火曜日の時間外取引で、Super Micro Computerの株価は9%下落した。これは、同社がハードウェア部品の購入資金に充てるため、株式に関連する資金調達として70億ドルを行うと発表したことを受けたもの。
同社は、50億ドルの引受による株式募集と、20億ドルのATM(取引市場における適時)型オファリングを、7月からJPMorgan Chase、Goldman Sachs、Citigroupとの取り決めを通じて開始する計画を明らかにした。
資金調達の発表は、AIインフラの増強が資本集約的であることを反映しており、業界全体の企業がAI対応向けハードの需要急増に対応するため、資本市場に資金を求めている。
Super Microが3行経由で70億ドルの資金調達を実施
Super Microは、株式連動型の資金調達取引は、引受による株式募集が50億ドル、ATM型オファリングが20億ドルで構成されると発表した。
この取り決めにはJPMorgan Chase、Goldman Sachs、Citigroupが関与しており、募集は7月に開始される予定。
一般に、株式売却の発表後には、既存株主の保有が希薄化するため株価が下がる傾向がある。
同社は20社超の顧客からAIサーバー受注70億ドルを獲得
Super Microは、ここ数週間で20社超の顧客からAIサーバーの受注として390億ドルを受け取ったと報告した。
同社の3月期の売上高は、AI対応サーバーに対する需要の高まりを背景に、前年同期比で100%超となった。
Dellのインフラストラクチャー・ソリューションズ・グループの売上高も、比較可能な報告期間において前年同期比で181%伸びた。
アルファベット、AI分野が資金を求める中で850億ドルを調達
今月初め、アルファベットはAIの構築(buildout)に資金を充てるため、株式で850億ドルを売却する計画を発表した。そこには、バークシャー・ハサウェイからの100億ドルの投資も含まれる。
検索大手は、Anthropicのようなモデル開発者向けにAIモデルとクラウドインフラを提供している。
Super Microの資金調達発表は、インフラ拡大を支えるために資本市場へ向かう最新のAI関連企業として同社を位置付けるものだ。
資金調達発表前、Super Microの株価は年初来で39%上昇
時間外の下落が起きる前、Super Microの株は年初来でおよそ39%上昇していた。

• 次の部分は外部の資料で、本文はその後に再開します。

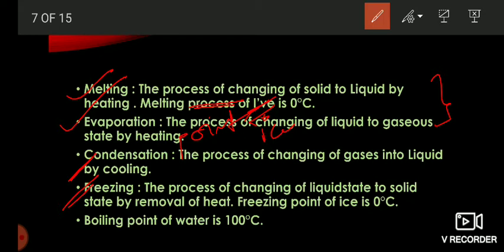Some matters directly change from solid to gas — like camphor and naphthalene. When camphor or naphthalene is heated, it changes directly from solid to gas. And when the gaseous state of camphor or naphthalene is cooled, it changes back into solid.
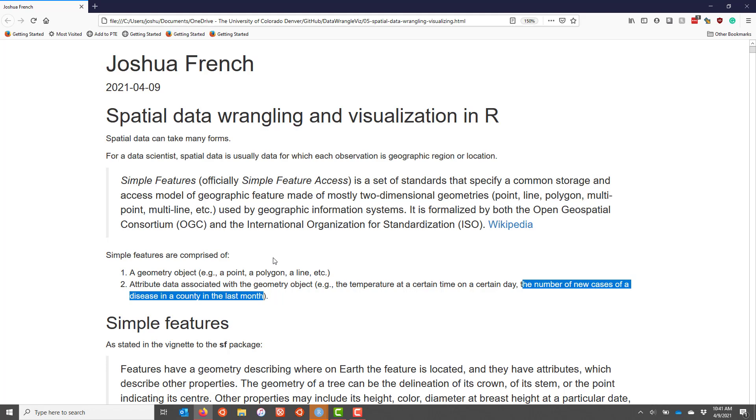Because they are common to different types of software, they're becoming increasingly popular for people to use in representing spatial data.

3月、共同創業者が、NvidiaのAIチップを含む機器の中国への密輸をめぐる疑いで、連邦の起訴状に名指しされた後、同社の取締役を辞任していた。
CEOが「メモリ費用がここ数か月で3倍になった」と報告
Super MicroのCEOチャールズ・リアンは、5月の同社の決算説明会で、メモリ費用がここ数か月で3倍以上に増えたとアナリストに語った。
このコスト増は、同社がAIサーバー需要に応えるため生産規模を拡大する中で、大きなコスト要因となる圧力を示している。
FAQ
Super Microは火曜日にどんな資金調達を発表しましたか?
Super Microは、株式に関連する資金調達として70億ドルを発表した。内訳は、引受による株式募集が50億ドル、ATM型オファリングが20億ドルで、7月からJPMorgan Chase、Goldman Sachs、Citigroupとの取り決めを通じて実施する。
Super MicroはAIサーバーの受注をどれくらい獲得しましたか?
Super Microは、ここ数週間で20社超の顧客からAIサーバーの受注として390億ドルを受け取ったと報告した。あわせて、3月期の売上高は前年同期比で100%超と成長している。
なぜSuper Microの株は資金調達発表後に下落しましたか?
Super Microの株は、火曜日の時間外取引で9%下落した。投資家は、計画されている株式募集によって既存保有分が希薄化することを見込んでいたからだ。株式の売却を企業が発表した際に起こりがちな、市場の反応となっている。